En 1871, les artisans formaient 46 % de la population
active. Ils n'en forment actuellement plus que 12 %. En
1871, les commerçants, de gros et de détail,
réparateurs ou non d'articles, totalisaient 9 % de la
population active, ils grimpent actuellement à 37 %,
avec cependant de fortes concentrations dans le commerce
des denrées alimentaires. Les professionnels libéraux,
incluant les propfessions de santé, ne formaient que 2 %
de la population active, ils totalisent actuellement, si
on y inclut les professions de services, et plus généralement toutes les professions du tertiaire, inexistantes en 1871, plus de 34 %,
avec une notable diversification des activités et des
métiers dans ce secteur, notamment avec la venue de
l'informatique et des entreprises de services, secteur
jadis essentiellement dominé par les professions
juridiques et de santé.
En
cent-trente ans, le paysage socio-professionnel a donc
été complètement bouleversé au profit des
commerçants et des professionels libéraux et de
services avec un lien de plus en plus fort entre
l'artisanat et le commerce (les
"artisano-commerçants" comme on dit parfois).
Le paysage socio-professionnel devient donc, avec la
disparition des petites industries, de plus en plus
marchand.

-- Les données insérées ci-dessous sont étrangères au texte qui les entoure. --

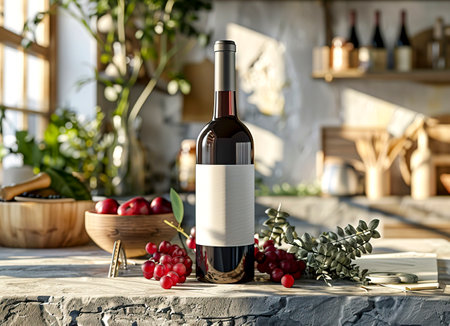 Custom Wine Bottle Display: The Ultimate Brand Elevator with Personalized Design and Eye-Catching Graphics! created with Generative AI technologyの素材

La disparition de certaines professions
agricoles, comme les vignerons, témoigne de la profonde
modification du paysage agricole, beaucoup plus varié
naguère et bien moins axé sur l'élevage que
maintenant. La disparition des laboureurs et des
journaliers s'explique grandement par la disparition
progressive des cultures vivrières et l'arrivée, vers
1955, de la mécanisation agricole ayant entrâiné des
regroupements fonciers. La notable diminution du
pourcentage des agriculteurs dans le panel des
professions économiques a bien traduit le phénomène
d'exode rural entamé depuis 1886 et accéléré après
les années soixante.
La balance
entre la disparition de métiers et l'apparition de
nouveaux métiers au cours des cent-trente (130)
dernières années est loin d'être négative.

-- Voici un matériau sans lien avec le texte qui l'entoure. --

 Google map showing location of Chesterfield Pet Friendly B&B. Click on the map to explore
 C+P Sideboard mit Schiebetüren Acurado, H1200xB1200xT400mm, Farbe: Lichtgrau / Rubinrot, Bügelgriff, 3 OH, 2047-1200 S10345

L'élévation des techniques et des connaissances et la
modification des modes de vie et de transport ont
largement contribué à ce bouleversement. Notons que ce
sont surtout les "petits métiers", manuels et
exigeant peu de connaissances, très présents au 19ième,
souvent liés à l'agriculture et à la petite industrie
traditionnelle, qui ont été les premiers touchés avec
les phénomènes de prolétarisation dans les grandes
métropoles industrielles. Les voies de communication
ayant été très mauvaises jusque vers 1840, la tendance
était à une économie de préservation, où l'on
réparait beaucoup de choses sur place, y compris les
parapluies, donc géographiquement beaucoup moins
différenciée qu'actuellement. L'apparition de nouvelles
voies de communication provoqua la formation de régions
de plus en plus différenciées et spécialisées et la
région de Moulins-Engilbert s'est progressivement
spécialisée dans l'élevage avec une
sous-spécialisation d'elevage-naisseur. L'agriculture,
si elle s'est modernisée, en a payé le prix de la perte
des trois quarts de ses effectifs, et les conséquences
démographiques ont été particulièrement
spectaculaires dans les communes rurales vivant
quasi-exlisivement de l'agriculture. Cette tendance, que
l'on a déjà vu par ailleurs sur ce site, explique
l'appauvrissement actuel de la diversité des activités
économiques locales productives de richesses, la
multiplication des métiers nouveaux, notamment dans les
services, en lieu et place des anciens liés à la
production, ne signifiant pas pour autant un
accroissement concomittent de leurs praticiens. Sur
Moulins-Engilbert, de plus en plus de métiers sont
pratiqués par quelques personnes seulement, et un seul
représentant y est souvent constaté. Le manque
d'industries et de toutes les activités induites sont
largement responsables du vieillissement de la population
et de la dépopulation actuelle.
Sources : INSEE, 1999 ; Gabriel Vannereau, 1972 ; Jaubert Aîné, 1837 ; Vents du Morvan, n°21 : Moulins-Engilbert au temps d'Henri Bézille.